Organisatie | Bergen op Zoom |
---|---|
Organisatietype | Gemeente |
Officiële naam regeling | De raad van de gemeente Bergen op Zoom; |
Citeertitel | Verordening vertrouwenscommissie benoeming burgemeester 2013 |
Vastgesteld door | gemeenteraad |
Onderwerp | bestuur en recht |
Eigen onderwerp |
Geen
Datum inwerkingtreding | Terugwerkende kracht tot en met | Datum uitwerkingtreding | Betreft | Datum ondertekening Bron bekendmaking | Kenmerk voorstel |
---|---|---|---|---|---|
11-03-2013 | 01-09-2013 | nieuwe regeling | 05-03-2013 Bergen op Zoomse Bode, 10-03-2013 | RVB13-0012 |
gezien het voorstel van het fractievoorzittersoverleg van 27 februari 2013, nr. RVB13-0012;
gelet op de Gemeentewet, de Archiefwet 1995 en het Archiefbesluit 1995,
alsmede op de “Circulaire benoeming, functioneringsgesprekken en herbenoeming burgemeester” van het Ministerie van Binnenlandse Zaken en Koninkrijksrelaties (ingangsdatum 15 juli 2012);
In deze verordening wordt verstaan onder:
• De minister: de minister van Binnenlandse Zaken en Koninkrijksrelaties;
• De commissaris: de commissaris van de Koningin in Noord-Brabant;
• De commissie: de vertrouwenscommissie benoeming burgemeester 2013
De geheimhoudingsplicht brengt onder meer mee dat aan raadsleden, die geen zitting (meer) hebben in de commissie, en aan anderen, behoudens het bepaalde in artikel 8 van deze verordening, geen inzage in, of informatie omtrent de inhoud van de stukken of het behandelde ter vergadering wordt verstrekt.

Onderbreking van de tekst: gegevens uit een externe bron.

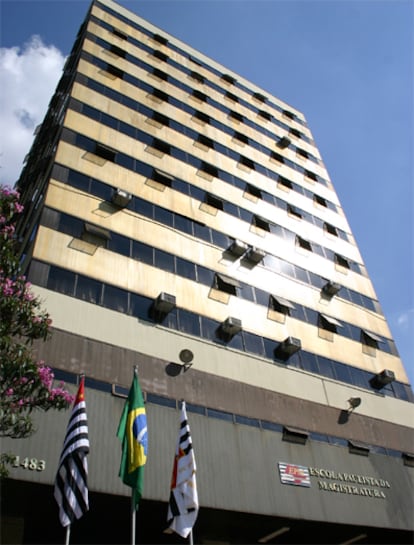 Edificio de la Escola Paulista da Magistratura (Brasil).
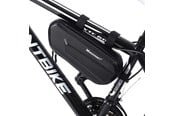 Cykeltilbehør - Wozinsky Bicycle Frame Bag 1.5L Black (WBB10BK) - 5907769300387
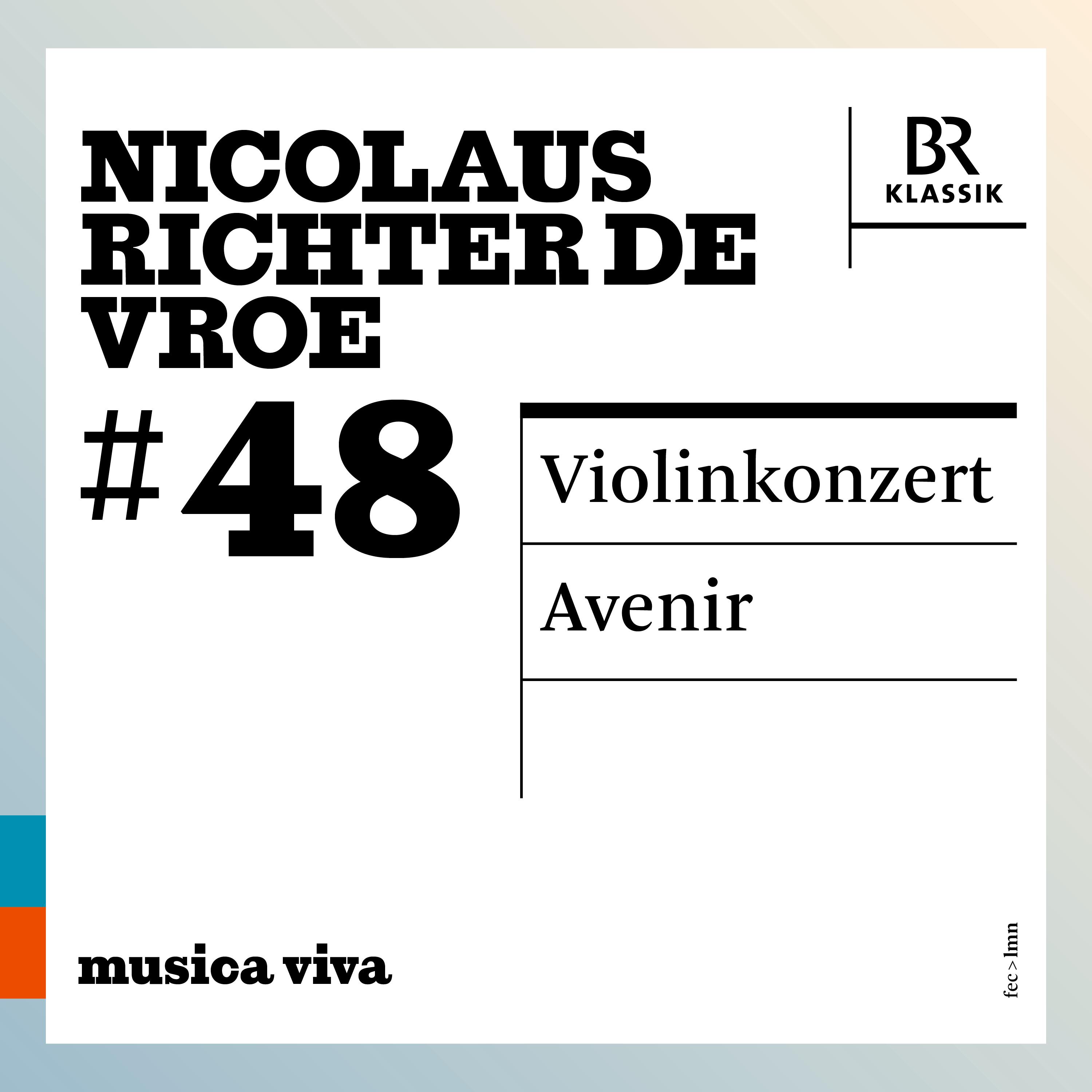 Richter de Vroe:Violinkonzert - Tableau fragile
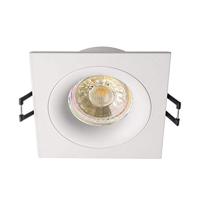 Deko Light Sirrah 110022 Plafondinbouwring LED, Halogeen GU5.3, MR16 35 W Signaalwit (RAL 9003) - thumbnail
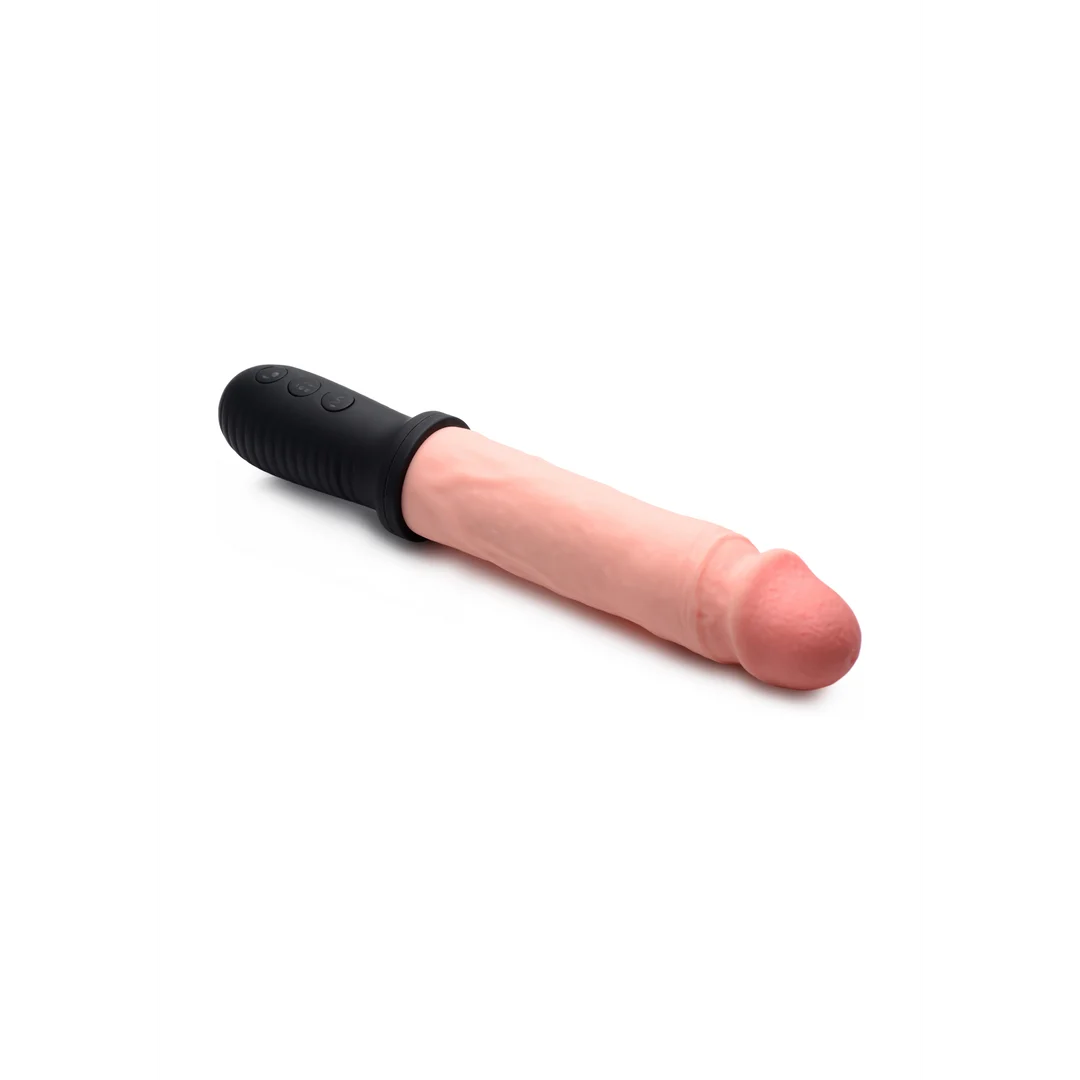 Vibromasseur réaliste avec vibrations et mouvement automatique de va et vient, noir, XR Brands – Image 9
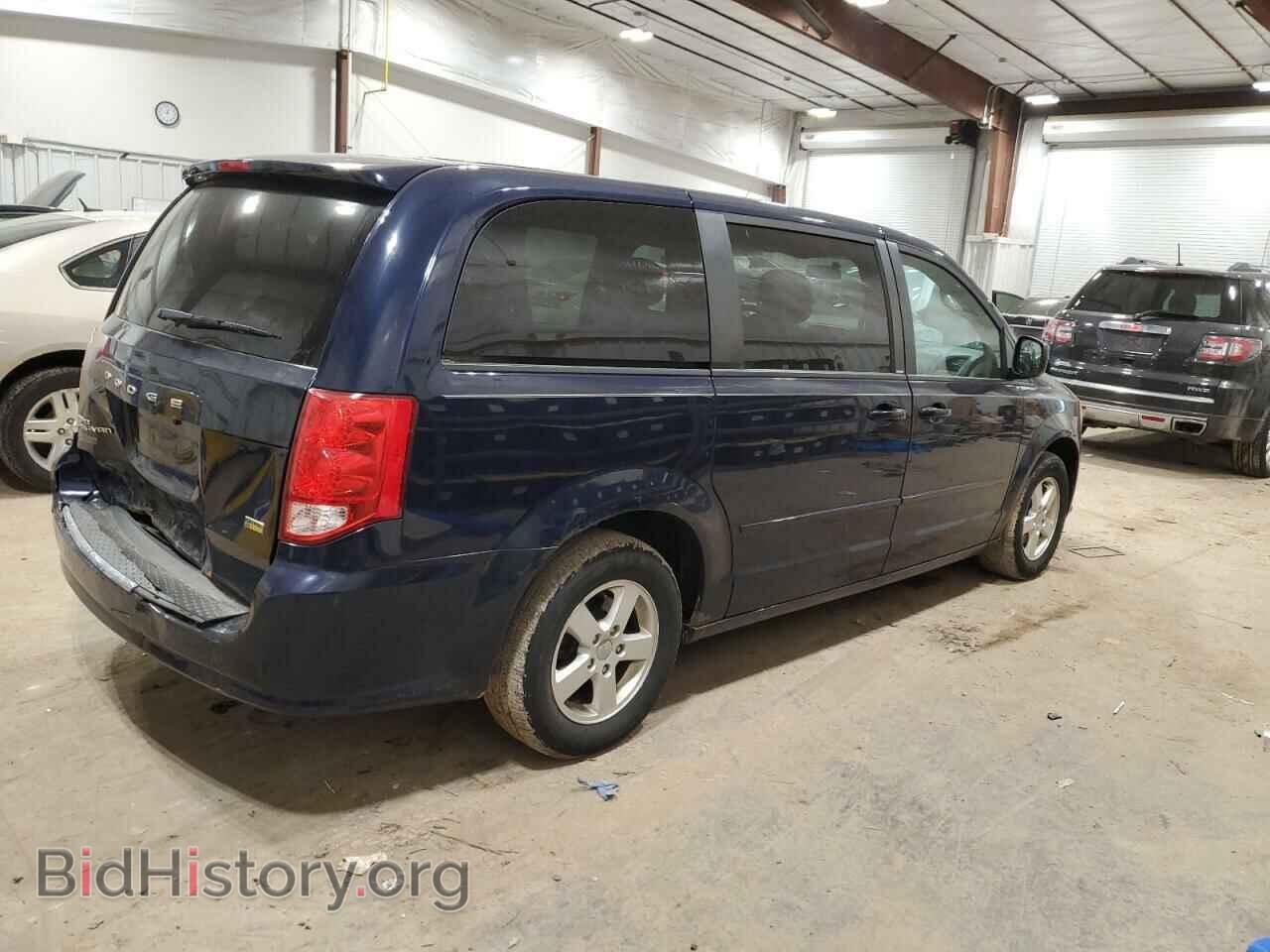 2013 DODGE CARAVAN - VIN: 2C4RDGCG4DR524891 - Фото 3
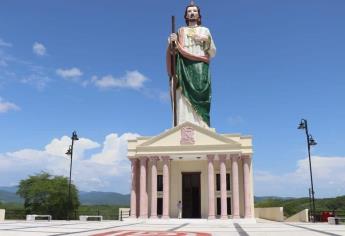 El San Judas gigante en Badiraguato estará abierto al público el 26 de septiembre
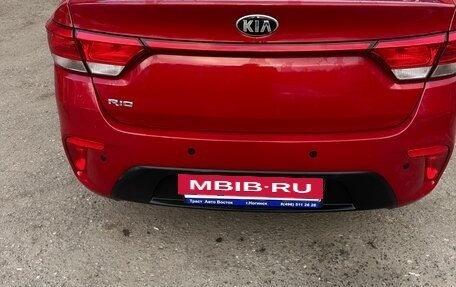 KIA Rio IV, 2017 год, 1 400 000 рублей, 6 фотография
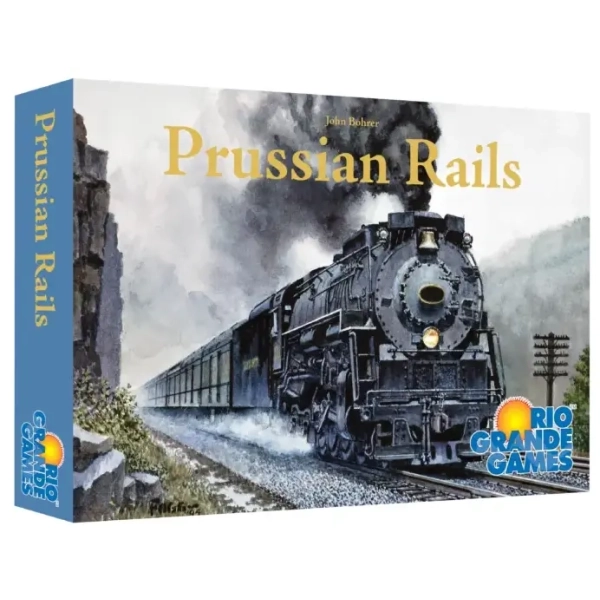 Prussian Rails - EN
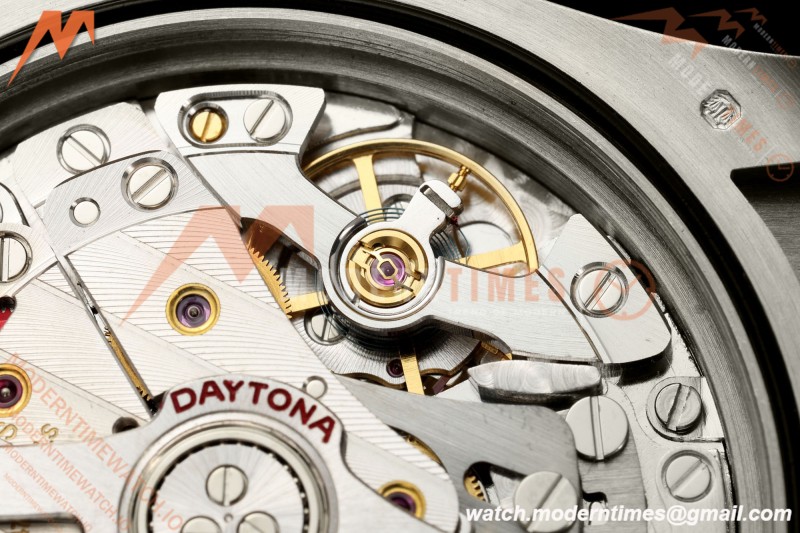 Rolex - Daytona 126519LN 40mm Gain Weight SS/RU Blk/Gry/Stk WF JH4131 Free Sprung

De commissie treft, met inachtneming van de artikelen 6, 7, tweede lid, en 11 van deze verordening, een voorziening met betrekking tot de wijze waarop de geheimhouding blijft gewaarborgd bij het beheer van bescheiden, het voeren van correspondentie en bij de bepaling van plaats en tijdstip van de gesprekken.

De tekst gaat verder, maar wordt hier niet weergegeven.